Enfin, POUR LE MOMENT, PAS DE « DIACONNESSES ». Soulagement!
« Ce n’est pas le moment de parler du diaconat des femmes », dit le pape François
La boucle féministe sans fin
Giuseppe Nardi
22 octobre 2024
Le pape François estime que ce n’est pas le moment de discuter du diaconat des femmes lors du synode qui se tient actuellement à Rome. C’est ce qu’a fait savoir lundi aux [pères… et mères] synodaux le cardinal Victor Manuel Fernández, préfet du dicastère de la foi et plus proche confident de François.
Dans une lettre dont le contenu a été présenté par le préfet du dicastère de la communication Paolo Ruffini lors d’un point-presse du synode, Fernandez a déclaré:
« Nous savons que le Saint-Père a indiqué que la question du diaconat féminin n’est pas mûre à ce stade et il a demandé que nous n’abordions pas cette possibilité maintenant »

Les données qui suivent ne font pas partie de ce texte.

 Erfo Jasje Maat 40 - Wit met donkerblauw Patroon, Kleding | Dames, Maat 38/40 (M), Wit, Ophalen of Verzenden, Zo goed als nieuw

Le contexte : certains participants au Synode, en particulier ceux du groupe 5 s’étaient plaints du fait que le dicastère de la foi ne prêtait pas attention aux propositions concernant le diaconat des femmes. Le préfet de la foi Fernández a donc laissé le pape François s’exprimer avec autorité sur la question.
En tant que porte-parole de ce dernier, « Tucho » Fernández a fait savoir hier par écrit aux synodaux que François ne souhaitait pas de discussion sur le diaconat des femmes. Il a complété ces propos par un ajout restrictif, précisant que cela ne valait que pour « le moment présent ». La porte reste donc ouverte, pour la refermer aujourd’hui. Cela ne rassurera pas les défenseurs de l’ordination des femmes. L’Eglise dans son ensemble se voit toutefois imposer une nouvelle hypothèque pour l’avenir par le pape François et son acolyte Tucho Fernández.

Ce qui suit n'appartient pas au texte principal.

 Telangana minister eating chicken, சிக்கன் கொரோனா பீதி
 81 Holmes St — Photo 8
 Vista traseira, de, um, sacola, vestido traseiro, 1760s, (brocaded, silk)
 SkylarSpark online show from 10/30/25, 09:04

Le préfet de la foi a encore une autre concession à proposer. Afin d’écarter les plaintes contre son autorité, il invite jeudi prochain à une rencontre avec les défenseurs du diaconat féminin.

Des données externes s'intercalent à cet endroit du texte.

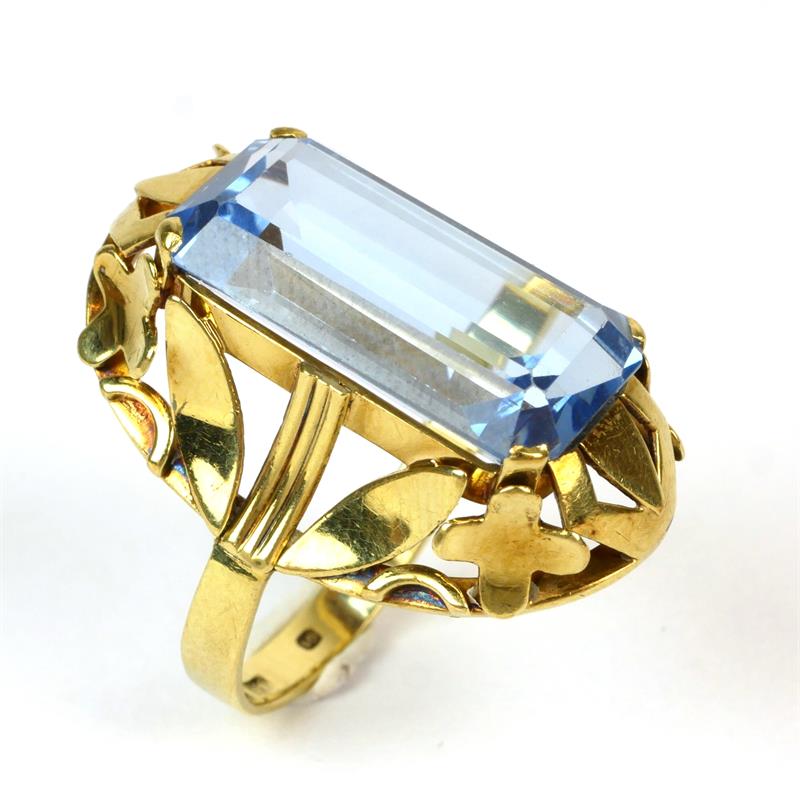 Zlatý prsten s modrým spinelem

En clair : la porte de l’ordination des femmes reste fermée, mais avec un probabilisme aussi inutile que typiquement bergoglien, selon lequel cela vaut pour maintenant et aujourd’hui, mais ne sera peut-être plus valable demain. Il utilise cette tactique à l’égard du diaconat féminin depuis son entrée en fonction. Il suscite chez ses défenseurs des espoirs qu’il n’a pas l’intention de réaliser. Ainsi, il a déjà mis en place deux commissions d’étude afin d’examiner, au cours de plusieurs années de travail, ce qui a été examiné et clarifié depuis longtemps.
En 2016, François a même expliqué très ouvertement le sens et le but de cette tactique : un homme avisé lui aurait en effet dit un jour que l’on devait repousser les choses ennuyeuses en créant une commission.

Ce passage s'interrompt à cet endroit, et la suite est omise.